• _WHAT THE TASK REQUIRES_: Write out exactly the lines running from the line that includes "this 1270×952 image." to the end of the data, both ends included, and nothing besides.

Stored data entries
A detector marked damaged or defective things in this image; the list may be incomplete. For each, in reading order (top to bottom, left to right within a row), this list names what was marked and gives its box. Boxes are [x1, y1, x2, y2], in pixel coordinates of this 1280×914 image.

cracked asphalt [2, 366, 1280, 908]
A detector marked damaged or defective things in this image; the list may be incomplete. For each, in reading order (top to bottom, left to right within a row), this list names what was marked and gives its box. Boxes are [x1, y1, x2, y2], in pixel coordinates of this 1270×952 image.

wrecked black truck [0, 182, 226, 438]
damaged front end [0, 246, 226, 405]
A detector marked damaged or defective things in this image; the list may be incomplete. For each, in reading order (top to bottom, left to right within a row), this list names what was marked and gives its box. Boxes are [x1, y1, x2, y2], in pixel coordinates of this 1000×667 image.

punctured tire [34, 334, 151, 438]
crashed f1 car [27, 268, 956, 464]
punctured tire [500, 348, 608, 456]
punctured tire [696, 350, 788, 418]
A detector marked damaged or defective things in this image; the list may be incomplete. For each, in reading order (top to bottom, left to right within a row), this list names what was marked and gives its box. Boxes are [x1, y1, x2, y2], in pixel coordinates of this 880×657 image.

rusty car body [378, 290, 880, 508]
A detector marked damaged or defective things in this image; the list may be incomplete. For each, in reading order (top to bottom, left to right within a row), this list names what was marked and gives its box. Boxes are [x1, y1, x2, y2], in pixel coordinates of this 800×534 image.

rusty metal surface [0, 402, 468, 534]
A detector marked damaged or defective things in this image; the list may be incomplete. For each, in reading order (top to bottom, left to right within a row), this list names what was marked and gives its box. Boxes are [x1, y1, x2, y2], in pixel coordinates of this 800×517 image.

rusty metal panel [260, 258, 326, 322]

• _OUTPUT OF THE TASK_:
A detector marked damaged or defective things in this image; the list may be incomplete. For each, in reading order (top to bottom, left to right within a row), this list names what was marked and gives its box. Boxes are [x1, y1, x2, y2], in pixel coordinates of this 1270×952 image.

wrecked black truck [0, 182, 226, 438]
damaged front end [0, 246, 226, 405]
A detector marked damaged or defective things in this image; the list may be incomplete. For each, in reading order (top to bottom, left to right within a row), this list names what was marked and gives its box. Boxes are [x1, y1, x2, y2], in pixel coordinates of this 1000×667 image.

punctured tire [34, 334, 151, 438]
crashed f1 car [27, 268, 956, 464]
punctured tire [500, 348, 608, 456]
punctured tire [696, 350, 788, 418]
A detector marked damaged or defective things in this image; the list may be incomplete. For each, in reading order (top to bottom, left to right within a row), this list names what was marked and gives its box. Boxes are [x1, y1, x2, y2], in pixel coordinates of this 880×657 image.

rusty car body [378, 290, 880, 508]
A detector marked damaged or defective things in this image; the list may be incomplete. For each, in reading order (top to bottom, left to right within a row), this list names what was marked and gives its box. Boxes are [x1, y1, x2, y2], in pixel coordinates of this 800×534 image.

rusty metal surface [0, 402, 468, 534]
A detector marked damaged or defective things in this image; the list may be incomplete. For each, in reading order (top to bottom, left to right within a row), this list names what was marked and gives its box. Boxes are [x1, y1, x2, y2], in pixel coordinates of this 800×517 image.

rusty metal panel [260, 258, 326, 322]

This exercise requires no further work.